[EXERCISE INSTRUCTIONS] Set down each line of the data below exactly as it stands, dropping the pictures.
== INPUT DATA
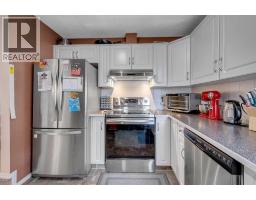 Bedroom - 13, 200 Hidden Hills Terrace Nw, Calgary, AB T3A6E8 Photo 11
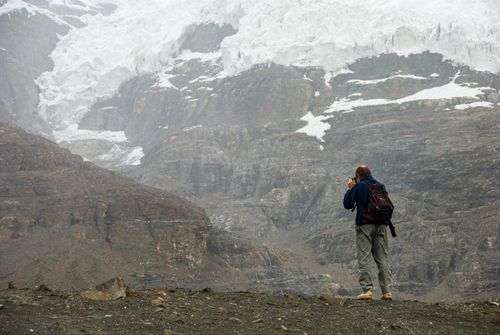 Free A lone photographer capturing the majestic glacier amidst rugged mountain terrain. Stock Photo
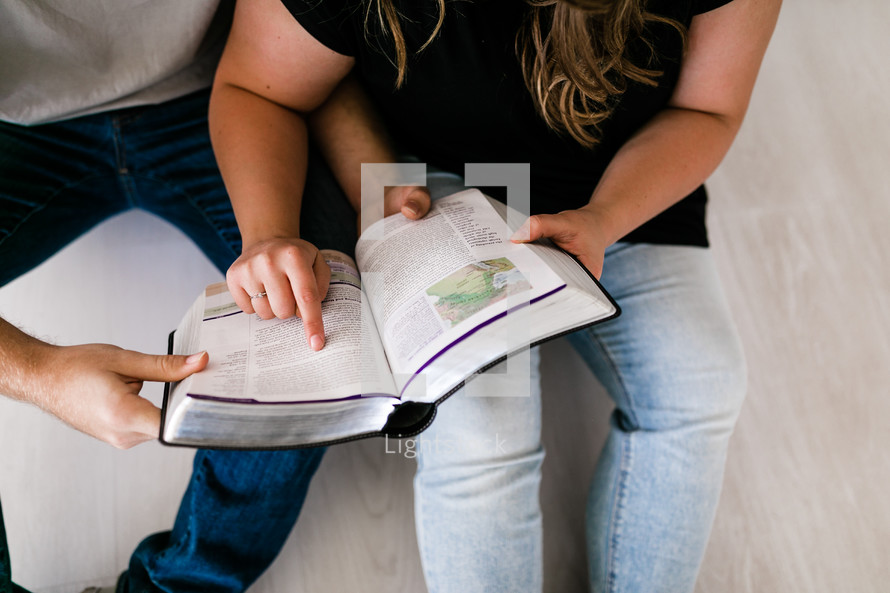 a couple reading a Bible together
====
[RESPONSE AREA]
 Bedroom - 13, 200 Hidden Hills Terrace Nw, Calgary, AB T3A6E8 Photo 11
 Free A lone photographer capturing the majestic glacier amidst rugged mountain terrain. Stock Photo
 a couple reading a Bible together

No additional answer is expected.